Love triangle situation- help

I know I’m going to get hate for this, and I’m sorry.

My boyfriend and i are in a tough situation in which we can’t tell anyone we’re dating. Other than my boyfriend I literally have 1 guy friend that I’m close to, and we’re close because he trusted me when he was very depressed and i convinced him not to kill himself. I should’ve noticed at the time but he sort of became dependent on me. He always talks about how worried he is that im going to leave him, and the issue is that I can’t tell whether that’s his genuine anxiety or whether it’s plain manipulation. So I’ve always reassured him that I won’t leave, that he’s a good friend, all that.

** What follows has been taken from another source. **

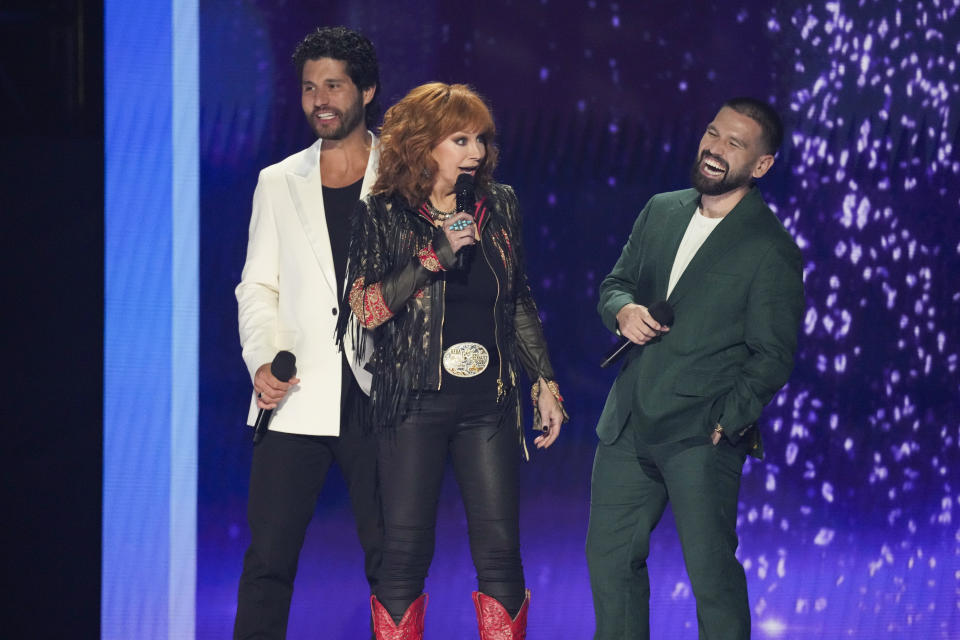 Dan Smyers of Dan + Shay, from left, Reba McEntire, and Shay Mooney of Dan + Shay introduce a performance by Miranda Lambert during the 59th annual Academy of Country Music Awards on Thursday, May 16, 2024, at the Ford Center in Frisco, Texas. (AP Photo/Chris Pizzello)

It was purely platonic. Until one day he told me he had feelings for me but he did it in a way that I deeply misunderstood. He said “I can picture us getting married one day” and I kinda laughed it off and when he asked if I could see it in my head I just pictured myself in a wedding dress and all that, because of course I can imagine anything. But then he thought I was saying i liked him back.

It probably sounds stupid. But he went from being so terribly depressed to so happy and I got scared that he’d actually kill himself if I told him that’s not actually what I meant.

And so i didn’t tell him.....

I know it’s wrong. I love my boyfriend more than anything and this eats at me every night and every day. I need to find a way to tell my friend that it was either a misunderstanding or that “I don’t have feelings anymore” and then get out of that relationship completely. I don’t know how out of my fear of knowing I’m responsible for someone’s death.

I don’t know.

Please give me any advice. And if you have something hateful to say, I’ve already said it to myself so just please try and keep scrolling.